A comienzos del siglo veinte,
don José Toribio fue instado por don Agustín Ross a realizar un levantamiento
de un sitio arqueológico. A la sazón era el profesional más idóneo para
ejecutar tal encargo. No se andaba con chicas el señor Ross, más aún, el
hallazgo ocurrió en su propiedad cuando sus servidores realizaban obras de
construcción, hablamos de 1905, y si hoy todavía empresarios y particulares
inescrupulosos persisten en pasar la aplanadora y ocultan muchos
descubrimientos similares para que no se retrasen sus obras y se eleven los
costos, o peor, actúan como huaqueros. Por ello, su gesto con los restos de la
cultura ancestral es del máximo respeto. El señor Evaristo Merino, bajo sus
órdenes o por su propio arbitrio, paraliza las obras, informa y surge la
invitación a don José Toribio Medina quien acude en medio de su siempre
abultado ajetreo intelectual.
Las notas de aquella
prospección es lo que nos muestra Jorge Aravena Llanca en esta publicación. Es
de suma importancia recordarla una y otra vez, hasta que los mitos basura
desaparezcan. Basta de publicidad para turismo de quinta. Aravena señala,”

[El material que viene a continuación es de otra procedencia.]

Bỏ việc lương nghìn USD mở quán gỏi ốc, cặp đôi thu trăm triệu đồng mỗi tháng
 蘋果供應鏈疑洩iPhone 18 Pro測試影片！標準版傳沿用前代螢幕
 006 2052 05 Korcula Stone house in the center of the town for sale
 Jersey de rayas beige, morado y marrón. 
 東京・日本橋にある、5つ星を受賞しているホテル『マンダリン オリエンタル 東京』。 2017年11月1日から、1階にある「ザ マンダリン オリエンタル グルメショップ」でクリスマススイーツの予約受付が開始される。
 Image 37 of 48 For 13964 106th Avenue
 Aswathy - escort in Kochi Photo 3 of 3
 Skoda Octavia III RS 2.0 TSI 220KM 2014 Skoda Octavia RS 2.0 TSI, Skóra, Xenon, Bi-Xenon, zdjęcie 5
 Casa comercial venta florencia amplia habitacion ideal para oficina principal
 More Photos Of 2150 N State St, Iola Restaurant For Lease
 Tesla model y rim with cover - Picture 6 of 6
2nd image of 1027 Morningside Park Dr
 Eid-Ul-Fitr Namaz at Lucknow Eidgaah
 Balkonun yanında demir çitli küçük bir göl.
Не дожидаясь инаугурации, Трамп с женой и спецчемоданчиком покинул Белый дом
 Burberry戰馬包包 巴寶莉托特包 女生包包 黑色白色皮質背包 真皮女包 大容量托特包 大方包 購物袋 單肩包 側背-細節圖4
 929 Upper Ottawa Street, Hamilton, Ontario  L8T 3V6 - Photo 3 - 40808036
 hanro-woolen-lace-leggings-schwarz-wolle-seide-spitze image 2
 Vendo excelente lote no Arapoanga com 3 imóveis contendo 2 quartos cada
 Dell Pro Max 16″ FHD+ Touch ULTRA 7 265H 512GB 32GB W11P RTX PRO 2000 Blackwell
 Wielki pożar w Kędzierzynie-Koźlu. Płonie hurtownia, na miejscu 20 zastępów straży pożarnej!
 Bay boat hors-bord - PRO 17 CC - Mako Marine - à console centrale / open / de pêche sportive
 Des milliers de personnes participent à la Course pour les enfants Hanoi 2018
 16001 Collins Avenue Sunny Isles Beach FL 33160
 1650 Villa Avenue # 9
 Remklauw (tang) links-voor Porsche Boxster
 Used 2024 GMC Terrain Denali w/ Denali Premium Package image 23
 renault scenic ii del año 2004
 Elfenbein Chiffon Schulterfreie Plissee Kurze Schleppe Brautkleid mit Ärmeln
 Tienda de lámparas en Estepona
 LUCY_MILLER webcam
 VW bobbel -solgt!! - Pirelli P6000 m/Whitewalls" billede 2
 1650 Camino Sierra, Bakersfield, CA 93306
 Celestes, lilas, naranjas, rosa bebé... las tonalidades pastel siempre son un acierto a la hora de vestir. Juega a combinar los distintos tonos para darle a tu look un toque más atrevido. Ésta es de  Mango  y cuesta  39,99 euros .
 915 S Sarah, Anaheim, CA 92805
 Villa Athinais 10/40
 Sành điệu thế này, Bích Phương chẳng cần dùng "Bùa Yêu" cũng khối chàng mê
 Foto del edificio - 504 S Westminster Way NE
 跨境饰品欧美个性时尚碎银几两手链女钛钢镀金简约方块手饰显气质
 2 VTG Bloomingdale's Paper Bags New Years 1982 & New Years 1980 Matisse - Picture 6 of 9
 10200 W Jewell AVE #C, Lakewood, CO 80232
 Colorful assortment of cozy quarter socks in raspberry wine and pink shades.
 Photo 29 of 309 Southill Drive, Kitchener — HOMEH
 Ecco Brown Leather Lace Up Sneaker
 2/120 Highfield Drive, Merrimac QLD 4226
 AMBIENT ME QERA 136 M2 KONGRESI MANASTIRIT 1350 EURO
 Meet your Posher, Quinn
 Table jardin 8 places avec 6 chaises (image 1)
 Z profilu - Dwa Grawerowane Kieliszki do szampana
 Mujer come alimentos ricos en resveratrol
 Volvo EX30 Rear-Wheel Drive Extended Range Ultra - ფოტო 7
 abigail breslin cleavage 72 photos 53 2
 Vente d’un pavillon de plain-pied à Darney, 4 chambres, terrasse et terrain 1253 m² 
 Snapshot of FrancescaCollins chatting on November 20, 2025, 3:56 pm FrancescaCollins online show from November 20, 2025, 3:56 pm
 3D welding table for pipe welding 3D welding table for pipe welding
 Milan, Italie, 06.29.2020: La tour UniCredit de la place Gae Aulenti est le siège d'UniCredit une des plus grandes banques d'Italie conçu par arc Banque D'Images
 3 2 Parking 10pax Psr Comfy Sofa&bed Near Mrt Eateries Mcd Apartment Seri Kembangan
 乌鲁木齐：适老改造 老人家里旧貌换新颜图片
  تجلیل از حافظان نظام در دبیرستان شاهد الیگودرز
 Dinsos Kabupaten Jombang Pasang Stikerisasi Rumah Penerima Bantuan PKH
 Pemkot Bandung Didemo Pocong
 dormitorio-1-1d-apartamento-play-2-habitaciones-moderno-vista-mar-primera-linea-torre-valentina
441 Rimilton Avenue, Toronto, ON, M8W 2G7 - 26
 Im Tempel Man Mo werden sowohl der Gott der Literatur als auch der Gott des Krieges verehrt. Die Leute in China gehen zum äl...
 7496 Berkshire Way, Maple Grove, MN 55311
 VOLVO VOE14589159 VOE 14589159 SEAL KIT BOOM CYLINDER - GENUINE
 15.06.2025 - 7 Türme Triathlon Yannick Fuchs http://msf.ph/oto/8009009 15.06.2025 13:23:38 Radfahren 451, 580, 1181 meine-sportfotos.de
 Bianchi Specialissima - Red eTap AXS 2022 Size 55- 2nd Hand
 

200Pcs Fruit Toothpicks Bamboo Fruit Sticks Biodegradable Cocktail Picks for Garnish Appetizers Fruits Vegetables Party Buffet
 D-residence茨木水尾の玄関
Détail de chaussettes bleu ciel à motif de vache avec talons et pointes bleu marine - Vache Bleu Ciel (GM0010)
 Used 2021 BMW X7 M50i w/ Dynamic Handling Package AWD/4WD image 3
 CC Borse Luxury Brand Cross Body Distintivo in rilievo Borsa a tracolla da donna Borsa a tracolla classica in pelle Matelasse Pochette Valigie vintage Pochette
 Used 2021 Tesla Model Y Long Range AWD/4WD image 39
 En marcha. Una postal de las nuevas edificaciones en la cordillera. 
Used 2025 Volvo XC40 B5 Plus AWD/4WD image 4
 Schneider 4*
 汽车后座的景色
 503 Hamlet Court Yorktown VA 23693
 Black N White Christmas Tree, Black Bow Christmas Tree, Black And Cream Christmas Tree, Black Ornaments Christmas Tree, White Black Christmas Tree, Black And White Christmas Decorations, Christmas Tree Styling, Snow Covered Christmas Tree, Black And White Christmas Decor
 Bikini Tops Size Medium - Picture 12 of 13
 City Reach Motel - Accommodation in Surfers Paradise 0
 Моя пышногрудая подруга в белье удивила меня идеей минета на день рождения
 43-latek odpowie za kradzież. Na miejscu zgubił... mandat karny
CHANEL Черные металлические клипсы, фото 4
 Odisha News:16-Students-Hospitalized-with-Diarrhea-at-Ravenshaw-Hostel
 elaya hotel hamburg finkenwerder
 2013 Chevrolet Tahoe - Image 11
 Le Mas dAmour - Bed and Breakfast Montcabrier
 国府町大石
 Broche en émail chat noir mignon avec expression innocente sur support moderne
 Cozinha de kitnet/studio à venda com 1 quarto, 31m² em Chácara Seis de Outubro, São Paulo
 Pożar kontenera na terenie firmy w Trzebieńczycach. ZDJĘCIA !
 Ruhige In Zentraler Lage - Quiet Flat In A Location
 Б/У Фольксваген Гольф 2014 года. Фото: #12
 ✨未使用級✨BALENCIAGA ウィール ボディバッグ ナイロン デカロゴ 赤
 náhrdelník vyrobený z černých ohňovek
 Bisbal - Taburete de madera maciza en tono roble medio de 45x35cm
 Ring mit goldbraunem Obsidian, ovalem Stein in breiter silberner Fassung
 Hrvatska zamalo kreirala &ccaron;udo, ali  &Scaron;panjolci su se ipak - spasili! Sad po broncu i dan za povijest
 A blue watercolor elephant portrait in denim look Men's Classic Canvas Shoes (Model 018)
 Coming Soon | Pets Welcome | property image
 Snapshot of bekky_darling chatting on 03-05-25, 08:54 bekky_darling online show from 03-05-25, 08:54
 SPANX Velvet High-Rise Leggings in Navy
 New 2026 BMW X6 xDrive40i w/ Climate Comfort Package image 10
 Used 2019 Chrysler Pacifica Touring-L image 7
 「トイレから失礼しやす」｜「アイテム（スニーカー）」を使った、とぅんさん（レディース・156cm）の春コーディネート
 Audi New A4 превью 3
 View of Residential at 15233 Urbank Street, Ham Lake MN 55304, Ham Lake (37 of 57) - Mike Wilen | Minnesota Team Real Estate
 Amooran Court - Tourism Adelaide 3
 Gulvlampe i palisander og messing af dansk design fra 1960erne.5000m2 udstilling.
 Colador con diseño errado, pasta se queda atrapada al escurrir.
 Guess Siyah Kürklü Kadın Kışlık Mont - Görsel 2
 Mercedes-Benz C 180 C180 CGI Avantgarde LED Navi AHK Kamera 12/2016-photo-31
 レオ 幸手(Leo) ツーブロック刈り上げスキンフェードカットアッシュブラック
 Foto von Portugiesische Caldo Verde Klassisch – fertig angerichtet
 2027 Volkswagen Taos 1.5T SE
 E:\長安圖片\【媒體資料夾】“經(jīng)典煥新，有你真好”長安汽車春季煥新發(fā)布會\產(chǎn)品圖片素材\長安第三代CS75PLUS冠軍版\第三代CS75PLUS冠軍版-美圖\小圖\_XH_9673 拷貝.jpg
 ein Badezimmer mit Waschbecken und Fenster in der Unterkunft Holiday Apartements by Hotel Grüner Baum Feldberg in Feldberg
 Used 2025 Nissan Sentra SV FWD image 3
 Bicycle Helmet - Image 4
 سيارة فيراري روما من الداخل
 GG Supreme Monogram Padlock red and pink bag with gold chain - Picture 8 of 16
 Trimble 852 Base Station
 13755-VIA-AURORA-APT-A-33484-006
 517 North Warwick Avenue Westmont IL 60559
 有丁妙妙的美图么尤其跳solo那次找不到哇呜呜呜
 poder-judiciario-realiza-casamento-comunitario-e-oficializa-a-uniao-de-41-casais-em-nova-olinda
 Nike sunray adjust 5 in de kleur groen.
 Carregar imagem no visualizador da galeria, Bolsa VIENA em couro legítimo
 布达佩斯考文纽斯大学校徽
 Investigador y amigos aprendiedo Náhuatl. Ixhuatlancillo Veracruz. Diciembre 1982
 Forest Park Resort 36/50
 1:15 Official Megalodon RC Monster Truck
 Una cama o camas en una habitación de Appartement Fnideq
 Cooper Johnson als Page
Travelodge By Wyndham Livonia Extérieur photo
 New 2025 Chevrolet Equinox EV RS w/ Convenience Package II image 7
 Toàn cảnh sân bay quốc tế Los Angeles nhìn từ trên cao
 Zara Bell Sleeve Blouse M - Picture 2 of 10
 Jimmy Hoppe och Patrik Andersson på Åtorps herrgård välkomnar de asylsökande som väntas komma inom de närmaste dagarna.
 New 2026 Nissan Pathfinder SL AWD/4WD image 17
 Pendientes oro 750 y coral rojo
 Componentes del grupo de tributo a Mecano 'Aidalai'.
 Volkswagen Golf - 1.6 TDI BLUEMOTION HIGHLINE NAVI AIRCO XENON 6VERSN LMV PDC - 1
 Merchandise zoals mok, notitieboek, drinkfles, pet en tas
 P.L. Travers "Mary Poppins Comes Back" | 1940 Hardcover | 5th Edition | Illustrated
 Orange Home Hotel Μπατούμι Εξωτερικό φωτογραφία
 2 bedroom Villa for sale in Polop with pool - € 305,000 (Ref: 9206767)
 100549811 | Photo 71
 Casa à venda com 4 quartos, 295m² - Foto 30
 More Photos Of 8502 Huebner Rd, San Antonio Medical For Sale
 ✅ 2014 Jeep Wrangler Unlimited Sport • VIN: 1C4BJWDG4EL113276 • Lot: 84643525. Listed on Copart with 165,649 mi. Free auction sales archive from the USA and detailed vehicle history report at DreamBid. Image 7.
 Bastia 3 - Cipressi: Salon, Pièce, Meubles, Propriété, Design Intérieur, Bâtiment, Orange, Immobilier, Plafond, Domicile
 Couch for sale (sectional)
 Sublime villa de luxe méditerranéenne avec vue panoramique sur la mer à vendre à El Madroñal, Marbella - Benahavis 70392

Medina no se hace eco de la fantasía popular que esta cueva estaba unida con el
Hotel Ross y al Casino.”
El abordaje de Jorge
con el Escritor Manuel Rojas ocurre en persona dentro del marco de actividades
culturales muy importantes de nivel
nacional y latinoamericano y luego a través de sus obras, especialmente
aquellas en las que Manuel Rojas da cuenta de su vínculo con Cáhuil- Pichilemu,
con sus gentes de familias tradicionales de larga presencia en la localidad,
también, recorriendo su paisaje.
“No solo he visto
Chile: lo he vivido y lo he sentido”. Nos dice Manuel Rojas en sus semblanzas y
reflexiones plasmadas en crónicas y obras, nos muestra cómo ha llegado a lo
esencial. “Este concepto de tierra y realidad, trascendente, implica algo más
que sensibilidad, entra en un concepto de amor al prójimo, en la realidad de
hombre y tierra, prosecución a través del tiempo, el que, por egoístas
intereses , algunos los miden no por hombres sino por guerras, por presidentes,
por deportistas, y no por meros e insignificantes trabajadores nacidos en los
márgenes de una laguna, repartidor de sal y viviendo sin alardes su anónima
existencia, aunque duela y muchos no la comprendan son estos los verdaderos
hombres que construyen una nacionalidad. Aravena Llanca nos regala esta
reflexión y aparte otras muy novedosas e interesantes en torno del origen de
vocablos como; Chile y el propio patronímico, Llanca.
Buena razón para leer;
Pichilemu en los escritos de José Toribio Medina y Manuel Rojas.